▶ Description of the task
Look through the records below for the line with "DONNA KARANA Pure" and the line with "Gucci Screener Platform", then return those lines and all lines between, exactly.

▶ Supplied records
──────

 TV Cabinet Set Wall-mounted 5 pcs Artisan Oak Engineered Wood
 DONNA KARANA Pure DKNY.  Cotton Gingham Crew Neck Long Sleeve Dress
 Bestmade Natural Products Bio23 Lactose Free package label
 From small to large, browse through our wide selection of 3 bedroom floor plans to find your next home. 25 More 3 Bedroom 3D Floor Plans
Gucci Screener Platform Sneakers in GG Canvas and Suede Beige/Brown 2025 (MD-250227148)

──────

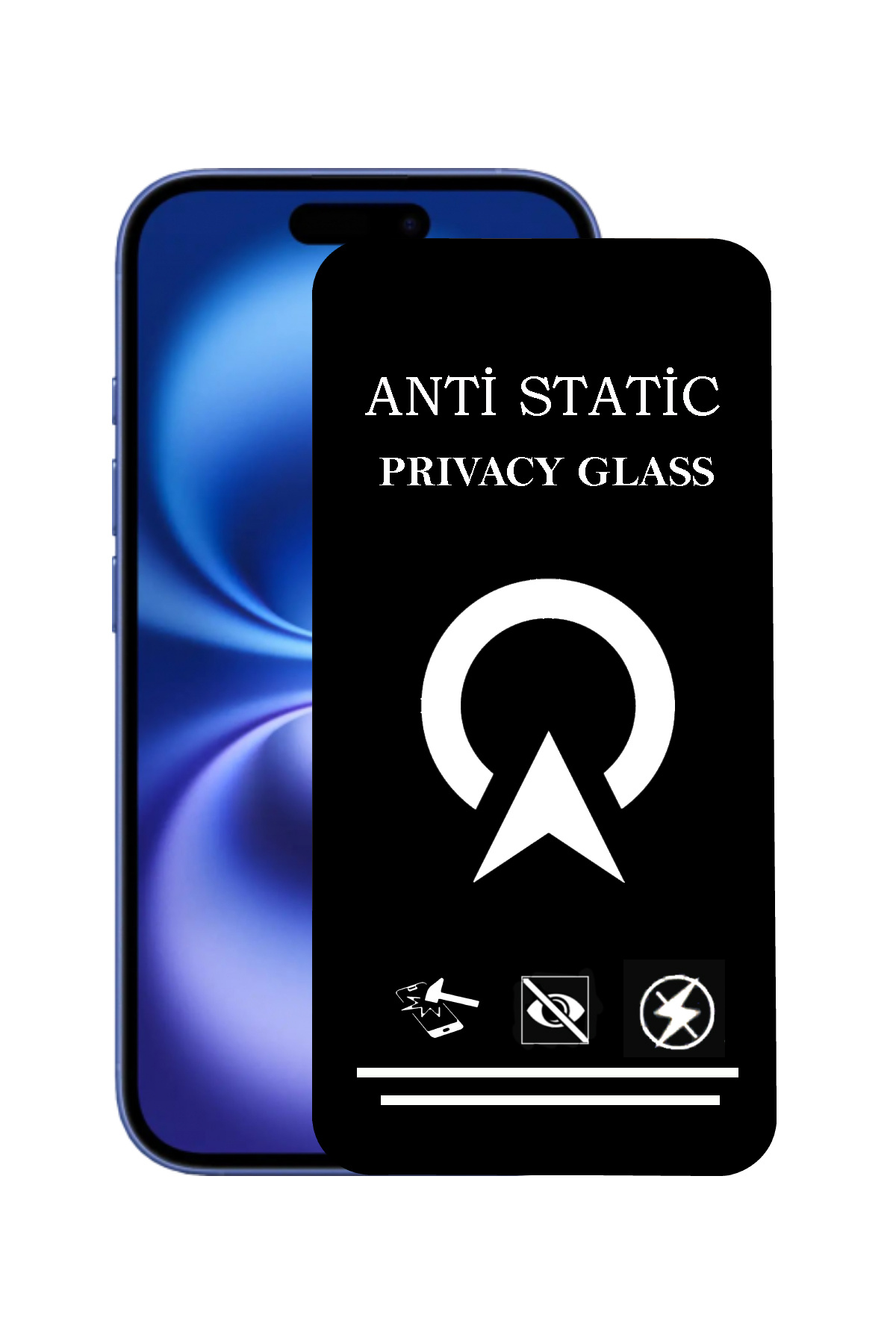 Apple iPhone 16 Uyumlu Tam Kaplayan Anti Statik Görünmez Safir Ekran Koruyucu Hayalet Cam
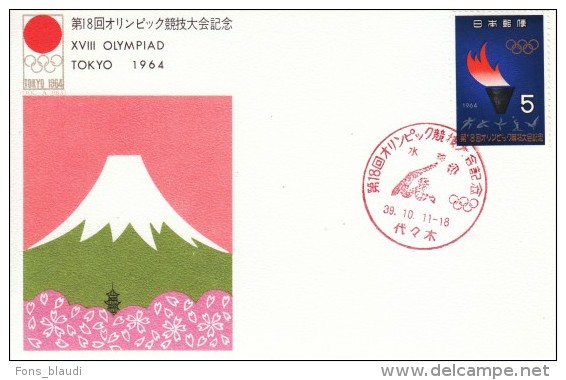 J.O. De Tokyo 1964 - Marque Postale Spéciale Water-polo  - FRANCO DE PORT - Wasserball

──────

▶ Response to the task
 DONNA KARANA Pure DKNY.  Cotton Gingham Crew Neck Long Sleeve Dress
 Bestmade Natural Products Bio23 Lactose Free package label
 From small to large, browse through our wide selection of 3 bedroom floor plans to find your next home. 25 More 3 Bedroom 3D Floor Plans
Gucci Screener Platform Sneakers in GG Canvas and Suede Beige/Brown 2025 (MD-250227148)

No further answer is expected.